Segment Start: Source data

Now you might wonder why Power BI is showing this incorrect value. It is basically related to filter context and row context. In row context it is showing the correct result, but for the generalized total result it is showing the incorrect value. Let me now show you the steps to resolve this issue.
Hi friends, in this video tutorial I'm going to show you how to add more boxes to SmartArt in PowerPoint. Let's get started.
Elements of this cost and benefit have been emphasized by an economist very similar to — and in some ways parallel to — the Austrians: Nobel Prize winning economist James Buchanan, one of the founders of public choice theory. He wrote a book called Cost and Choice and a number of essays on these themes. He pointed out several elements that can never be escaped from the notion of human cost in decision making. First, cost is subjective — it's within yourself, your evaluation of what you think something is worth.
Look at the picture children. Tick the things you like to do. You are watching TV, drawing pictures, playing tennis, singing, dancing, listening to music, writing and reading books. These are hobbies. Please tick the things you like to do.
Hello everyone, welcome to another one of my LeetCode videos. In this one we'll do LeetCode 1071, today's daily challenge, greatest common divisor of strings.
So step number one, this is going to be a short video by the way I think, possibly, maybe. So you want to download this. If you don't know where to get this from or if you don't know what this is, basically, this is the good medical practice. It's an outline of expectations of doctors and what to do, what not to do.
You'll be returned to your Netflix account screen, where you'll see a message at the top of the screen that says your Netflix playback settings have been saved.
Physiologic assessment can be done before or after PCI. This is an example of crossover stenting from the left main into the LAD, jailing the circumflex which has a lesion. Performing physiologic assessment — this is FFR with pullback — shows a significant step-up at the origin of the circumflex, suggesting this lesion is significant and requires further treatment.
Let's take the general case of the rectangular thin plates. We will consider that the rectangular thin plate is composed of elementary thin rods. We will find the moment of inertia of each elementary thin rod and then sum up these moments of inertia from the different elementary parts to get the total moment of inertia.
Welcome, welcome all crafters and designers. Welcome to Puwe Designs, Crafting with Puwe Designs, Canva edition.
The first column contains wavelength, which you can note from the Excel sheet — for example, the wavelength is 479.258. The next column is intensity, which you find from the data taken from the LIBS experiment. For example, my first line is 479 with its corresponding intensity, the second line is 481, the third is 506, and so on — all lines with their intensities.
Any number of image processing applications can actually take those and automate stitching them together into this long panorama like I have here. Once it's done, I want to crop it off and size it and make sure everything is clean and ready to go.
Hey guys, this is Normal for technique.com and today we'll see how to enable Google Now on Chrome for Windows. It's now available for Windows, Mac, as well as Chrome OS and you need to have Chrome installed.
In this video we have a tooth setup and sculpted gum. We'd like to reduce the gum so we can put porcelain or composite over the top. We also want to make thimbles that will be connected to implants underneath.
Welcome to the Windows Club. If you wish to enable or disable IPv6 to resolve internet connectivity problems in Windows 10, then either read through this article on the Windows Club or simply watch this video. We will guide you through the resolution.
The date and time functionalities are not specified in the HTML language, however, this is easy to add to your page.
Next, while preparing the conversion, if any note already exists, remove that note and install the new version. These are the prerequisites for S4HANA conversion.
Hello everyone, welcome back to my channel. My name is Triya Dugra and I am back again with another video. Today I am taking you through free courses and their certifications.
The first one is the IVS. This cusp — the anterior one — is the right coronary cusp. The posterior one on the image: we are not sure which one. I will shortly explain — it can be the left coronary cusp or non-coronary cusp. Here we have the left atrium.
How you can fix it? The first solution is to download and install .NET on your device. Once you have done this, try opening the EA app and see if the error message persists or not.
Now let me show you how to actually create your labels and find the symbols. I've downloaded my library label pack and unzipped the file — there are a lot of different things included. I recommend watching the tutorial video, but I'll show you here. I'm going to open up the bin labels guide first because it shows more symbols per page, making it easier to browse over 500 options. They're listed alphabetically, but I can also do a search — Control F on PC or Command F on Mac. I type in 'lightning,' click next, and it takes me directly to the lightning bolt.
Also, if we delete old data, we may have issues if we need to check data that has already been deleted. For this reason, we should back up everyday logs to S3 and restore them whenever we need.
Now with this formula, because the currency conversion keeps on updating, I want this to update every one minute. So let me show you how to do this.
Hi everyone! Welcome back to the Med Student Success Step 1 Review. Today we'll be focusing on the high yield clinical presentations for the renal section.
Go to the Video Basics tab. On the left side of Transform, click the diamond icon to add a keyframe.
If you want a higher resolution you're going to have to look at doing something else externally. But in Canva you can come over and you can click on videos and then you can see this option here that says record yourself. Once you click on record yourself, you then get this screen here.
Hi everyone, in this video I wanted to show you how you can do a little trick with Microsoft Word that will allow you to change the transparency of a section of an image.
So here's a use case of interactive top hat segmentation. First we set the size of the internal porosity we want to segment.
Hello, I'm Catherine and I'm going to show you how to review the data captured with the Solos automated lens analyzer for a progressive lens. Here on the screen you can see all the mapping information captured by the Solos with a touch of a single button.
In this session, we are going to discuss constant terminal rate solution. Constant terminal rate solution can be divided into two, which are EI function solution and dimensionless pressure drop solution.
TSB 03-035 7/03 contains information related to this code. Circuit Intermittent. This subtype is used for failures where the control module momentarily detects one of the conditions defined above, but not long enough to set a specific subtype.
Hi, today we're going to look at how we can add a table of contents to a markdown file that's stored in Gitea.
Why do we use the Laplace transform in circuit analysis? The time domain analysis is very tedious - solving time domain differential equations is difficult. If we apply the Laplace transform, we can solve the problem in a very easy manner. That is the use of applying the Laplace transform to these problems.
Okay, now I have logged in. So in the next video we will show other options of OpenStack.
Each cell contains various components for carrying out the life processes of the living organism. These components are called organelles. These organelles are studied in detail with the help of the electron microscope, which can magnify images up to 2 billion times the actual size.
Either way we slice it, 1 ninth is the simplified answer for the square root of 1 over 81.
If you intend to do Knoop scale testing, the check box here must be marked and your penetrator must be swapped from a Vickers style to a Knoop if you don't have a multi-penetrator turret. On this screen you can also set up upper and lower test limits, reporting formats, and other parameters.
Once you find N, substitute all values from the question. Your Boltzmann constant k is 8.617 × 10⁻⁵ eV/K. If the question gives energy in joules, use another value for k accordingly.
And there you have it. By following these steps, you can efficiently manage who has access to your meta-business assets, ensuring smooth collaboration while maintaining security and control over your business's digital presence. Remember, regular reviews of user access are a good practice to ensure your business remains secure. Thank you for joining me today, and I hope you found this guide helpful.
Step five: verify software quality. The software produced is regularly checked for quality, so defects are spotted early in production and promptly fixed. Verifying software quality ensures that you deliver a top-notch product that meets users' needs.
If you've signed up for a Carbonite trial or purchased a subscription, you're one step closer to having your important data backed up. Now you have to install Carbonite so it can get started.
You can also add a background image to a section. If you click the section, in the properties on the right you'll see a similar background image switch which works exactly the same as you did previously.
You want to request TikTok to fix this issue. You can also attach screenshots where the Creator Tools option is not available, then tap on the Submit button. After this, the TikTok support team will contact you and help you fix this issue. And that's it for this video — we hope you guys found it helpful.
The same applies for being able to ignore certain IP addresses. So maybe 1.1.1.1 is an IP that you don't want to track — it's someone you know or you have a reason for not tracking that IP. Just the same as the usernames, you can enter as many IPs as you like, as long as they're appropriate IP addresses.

Segment End: Source data

The response must contain each line above that holds the string "right".

The first one is the IVS. This cusp — the anterior one — is the right coronary cusp. The posterior one on the image: we are not sure which one. I will shortly explain — it can be the left coronary cusp or non-coronary cusp. Here we have the left atrium.
You can also add a background image to a section. If you click the section, in the properties on the right you'll see a similar background image switch which works exactly the same as you did previously.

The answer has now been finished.